Many people are familiar with Abraham Maslow’s “hierarchy of needs,” with self-actualization depicted at the top of a pyramid. Chances are, you learned about it in your introduction to psychology course in college or saw it diagrammed on Facebook (perhaps humorously with "WiFi" or "toilet paper" added to the base of the pyramid).
There are a lot of misconceptions about "Maslow's Pyramid", however. For one, Maslow never actually created a pyramid to represent his hierarchy of needs! Maslow was actually a developmental psychologist at heart and viewed human development as often involving a two-steps forward, one-step-back dynamic, in which we are continually returning to our basic needs to draw strength, learn from our hardships, and work toward greater integration of our whole being.
Rather than a lockstep Pyramid, Maslow actually emphasized a different feature of the hierarchy. I believe this framework of human motivation is highly relevant to the uncertain times we are currently living in.
Deficiency vs. Growth
Maslow argued that all the needs can be grouped into two main classes of needs, which must be integrated for wholeness: deficiency and growth. Deficiency needs, which Maslow referred to as “D-needs,” are motivated by a lack of satisfaction, whether it’s the lack of food, safety, affection, belonging, or self-esteem. The “D-realm” of existence colors all of our perceptions and distorts reality, making demands on a person’s whole being: “Feed me! Love me! Respect me!”
The greater the deficiency of these needs, the more we distort reality to fit our expectations and treat others in accordance with their usefulness in helping us satisfy our most deficient needs. In the D-realm, we are also more likely to use a variety of defense mechanisms to protect ourselves from the pain of having such deficiency in our lives. Our defenses are quite “wise” in the sense that they can help us to avoid unbearable pain that can feel like too much to bear at the moment.
Nevertheless, Maslow argued that the growth needs—such as self-actualization and transcendence—have a very different sort of wisdom associated with them. Distinguishing between “defensive-wisdom” and “growth-wisdom,” Maslow argued that the Being-Realm of existence (or B-realm, for short) is like replacing a clouded lens with a clear one. Instead of being driven by fears, anxieties, suspicions, and the constant need to make demands on reality, one is more accepting and loving of oneself and others. Seeing reality more clearly, growth-wisdom is more about “What choices will lead me to greater integration and wholeness?” rather than “How can I defend myself so that I can feel safe and secure?”
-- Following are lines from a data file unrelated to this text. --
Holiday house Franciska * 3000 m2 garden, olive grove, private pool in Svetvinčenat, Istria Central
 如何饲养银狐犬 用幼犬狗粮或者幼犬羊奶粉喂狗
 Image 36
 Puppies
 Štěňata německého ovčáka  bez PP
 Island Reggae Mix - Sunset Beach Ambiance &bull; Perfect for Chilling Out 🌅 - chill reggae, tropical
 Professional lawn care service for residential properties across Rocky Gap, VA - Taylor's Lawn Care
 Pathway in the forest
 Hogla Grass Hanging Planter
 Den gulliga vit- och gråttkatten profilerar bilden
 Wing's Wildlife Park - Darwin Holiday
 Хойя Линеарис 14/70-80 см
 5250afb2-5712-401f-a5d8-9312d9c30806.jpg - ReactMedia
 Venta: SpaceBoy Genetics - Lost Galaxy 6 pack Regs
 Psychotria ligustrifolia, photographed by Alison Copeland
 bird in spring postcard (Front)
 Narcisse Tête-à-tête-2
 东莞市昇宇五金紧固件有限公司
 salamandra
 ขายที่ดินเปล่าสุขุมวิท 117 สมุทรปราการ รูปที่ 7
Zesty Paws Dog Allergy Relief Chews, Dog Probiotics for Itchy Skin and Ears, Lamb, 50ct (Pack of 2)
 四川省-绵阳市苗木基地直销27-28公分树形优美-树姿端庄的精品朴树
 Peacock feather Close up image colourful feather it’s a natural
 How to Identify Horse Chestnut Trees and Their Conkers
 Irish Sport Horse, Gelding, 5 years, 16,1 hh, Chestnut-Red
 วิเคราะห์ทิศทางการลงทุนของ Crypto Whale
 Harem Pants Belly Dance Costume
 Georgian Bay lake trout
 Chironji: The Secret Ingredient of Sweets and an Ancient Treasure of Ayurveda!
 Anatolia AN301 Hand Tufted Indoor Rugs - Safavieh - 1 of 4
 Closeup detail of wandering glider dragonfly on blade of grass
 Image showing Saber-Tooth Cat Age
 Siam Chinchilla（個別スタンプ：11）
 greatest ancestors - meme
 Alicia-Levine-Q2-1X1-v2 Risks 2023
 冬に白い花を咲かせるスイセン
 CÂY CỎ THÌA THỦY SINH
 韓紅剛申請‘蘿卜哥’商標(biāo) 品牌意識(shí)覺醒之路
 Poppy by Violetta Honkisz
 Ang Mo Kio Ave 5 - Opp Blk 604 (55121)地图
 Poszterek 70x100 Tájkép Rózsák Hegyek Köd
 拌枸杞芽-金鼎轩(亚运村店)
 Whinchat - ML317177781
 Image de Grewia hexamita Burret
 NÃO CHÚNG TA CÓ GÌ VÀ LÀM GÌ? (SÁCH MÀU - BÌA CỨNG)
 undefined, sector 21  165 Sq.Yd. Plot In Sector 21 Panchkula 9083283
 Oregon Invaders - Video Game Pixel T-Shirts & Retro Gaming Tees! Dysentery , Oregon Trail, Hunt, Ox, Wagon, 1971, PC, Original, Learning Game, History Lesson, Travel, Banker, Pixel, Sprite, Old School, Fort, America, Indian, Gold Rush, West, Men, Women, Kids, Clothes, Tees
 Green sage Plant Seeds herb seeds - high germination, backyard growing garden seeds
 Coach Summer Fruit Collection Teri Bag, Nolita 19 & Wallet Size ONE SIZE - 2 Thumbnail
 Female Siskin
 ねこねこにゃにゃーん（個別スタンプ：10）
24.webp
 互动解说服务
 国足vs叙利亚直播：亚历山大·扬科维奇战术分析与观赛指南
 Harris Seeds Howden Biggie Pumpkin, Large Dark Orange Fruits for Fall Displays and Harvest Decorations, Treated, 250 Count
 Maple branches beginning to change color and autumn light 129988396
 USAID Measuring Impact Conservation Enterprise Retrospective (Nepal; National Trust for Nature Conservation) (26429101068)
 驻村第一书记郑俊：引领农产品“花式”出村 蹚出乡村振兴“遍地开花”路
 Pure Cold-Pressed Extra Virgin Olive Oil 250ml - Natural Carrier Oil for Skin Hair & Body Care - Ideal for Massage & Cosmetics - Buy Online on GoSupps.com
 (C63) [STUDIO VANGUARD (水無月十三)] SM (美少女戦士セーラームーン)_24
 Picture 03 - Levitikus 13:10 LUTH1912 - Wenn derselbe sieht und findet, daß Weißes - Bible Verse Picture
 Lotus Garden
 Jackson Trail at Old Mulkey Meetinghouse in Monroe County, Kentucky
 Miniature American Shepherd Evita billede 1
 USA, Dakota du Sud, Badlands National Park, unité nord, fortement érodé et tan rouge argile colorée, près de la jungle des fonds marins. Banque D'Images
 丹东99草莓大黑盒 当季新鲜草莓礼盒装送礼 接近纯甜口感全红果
From an evolutionary point of view, it makes sense that our safety and security concerns, as well as our desires for short-lived hedonic pleasures, would make greater demands on our attention than our desire to grow as a whole person. As the journalist and author Robert Wright put it in his book Why Buddhism Is True, “The human brain was designed—by natural selection—to mislead us, even enslave us.” All that our genes “care” about is getting propagated into the next generation, no matter the cost to the development of the whole person. If this involves narrowing our worldview and causing us to have outsize reactions to the world that aren’t actually in line with reality, so be it.
However, such a narrowing of worldview runs the risk of inhibiting a fuller understanding of the world and ourselves. Despite the many challenges to growth, Maslow believed we are all capable of self-actualization, even if most of us do not self-actualize because we spend most of our lives motivated by deficiency. Maslow’s emphasis on the dialectical nature of safety and growth is strikingly consistent with current research and theorizing in the fields of personality psychology, cybernetics, and artificial intelligence. There is a general consensus that optimal functioning of the whole system (whether humans, primates, or machines) requires both stability of goal pursuit in the face of distraction and disruption as well as the capacity for flexibility to adapt and explore the environment.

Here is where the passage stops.